Cumines first met John in May of 1936 during a patrol of Wollaston Lake. John had been trapping under a license issued at Souris River using the name "John Gilbert." John told the warden that the license issuer had misspelled his name. Seven months later when Cumines encountered John again, he was still using the same license issued in the name of Gilbert. [Source: Email to author from Les Oystryk, March 28, 2018.]

Was John hiding his German ancestry? He had applied for, but not yet obtained his naturalization papers from the Canadian government and was considered an "alien." Trouble was brewing in Germany. According to Oystryk, Cumines eventually issued a non-resident trapping license to John so he could sell his furs.

In 1937, John moved up to Brochet on the northern end of Reindeer Lake. That summer, he served as the guide for P. G. Downes on a journey to Neultin Lake.

Hand-drawn map by RCMP Constable Marcel Chappuis in 1937-1938 of the Wollaston Lake/Reindeer Lake area that he covered by dogsled during his 1937-1938 winter patrol. John Albrecht's cabin on Fiddler Bay, Wollaston Lake is identified at top centre. Thanks to Les Oystryk for bringing this map to my attention.

By March of 1938, Cumines wrote that John was trapping out of his main camp at the narrows going into Fiddler Bay on Wollaston Lake. John had "a good cabin and seems to keep everything in order," Oystryk quotes Cumines."but complained that this winter he made no hunt at all." Foxes, wolves, caribou - all game was scarce. Cumines also reported that John had put up quite a lot of fish for his sled dogs, "but he claims the Indians helped themselves to his fish cache and now is very short of dog feed."

Illustration from "Memories of Deep River." Source
Two years later Cumines reported that he had seen John at the Swan River fur trading post on Reindeer Lake. He had 20 fox pelts of poor quality and a few mink and otter. By June of 1940, Cumines determined that John had gone by plane with two Swedish trappers to Stony Rapids, Saskatchewan. John had apparently left some debts behind at the HBC post at Swan River on Reindeer Lake. [Source: Email from Les Oystryk, March 28, 2018.] John formed a trapping partnership with one of the Swedes, Oscar Johnson, a man in his 70s. The two of them lived in a cabin at Selwyn Lake north of Stony Rapids and split their fur proceeds 50/50. The two also did some prospecting, finding some gold, nickel and copper, but the prospecting didn't work out. The trapping supplied the money for prospecting. "We made more than we needed," John told Berry Richards. "We had always money,"

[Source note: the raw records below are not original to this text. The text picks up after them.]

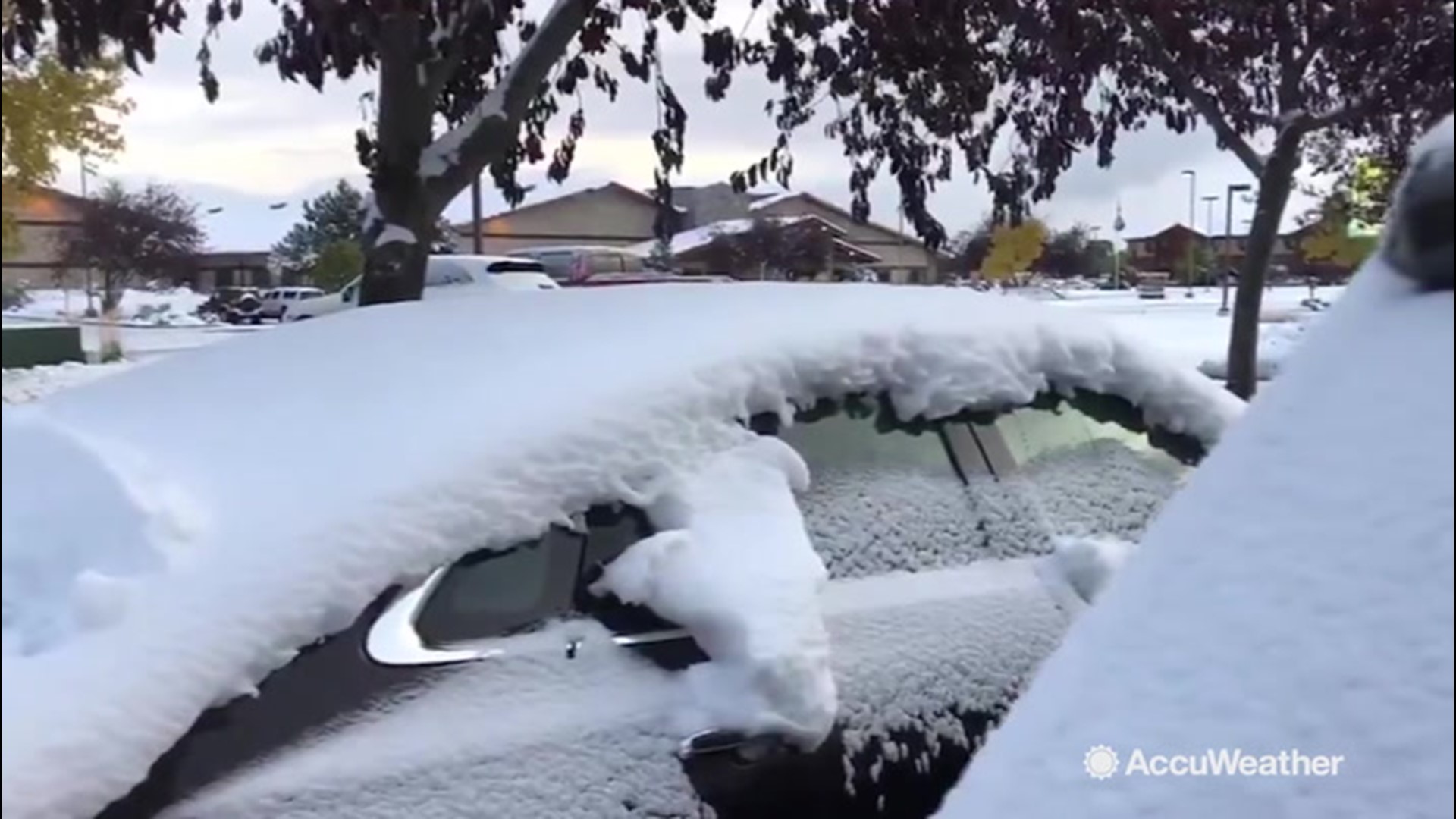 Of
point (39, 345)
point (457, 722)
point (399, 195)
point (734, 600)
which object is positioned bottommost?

Oscar Johnson decided to quit the north in 1945. After a few years trapping out of Selwyn Lake, the 75-year-old told John, "I can't take it anymore." So he "went out." (According to Klaus Lehnert-Theil, when a trapper, who spends most of the year in the bush, says he "went out" it means out into civilization.)

Three years later, John's life changed dramatically. He co-discovered a major uranium source and got a new partner - Nan Dorland - who shared the same cabin at Selwyn Lake that he had previously shared with Oscar Johnson.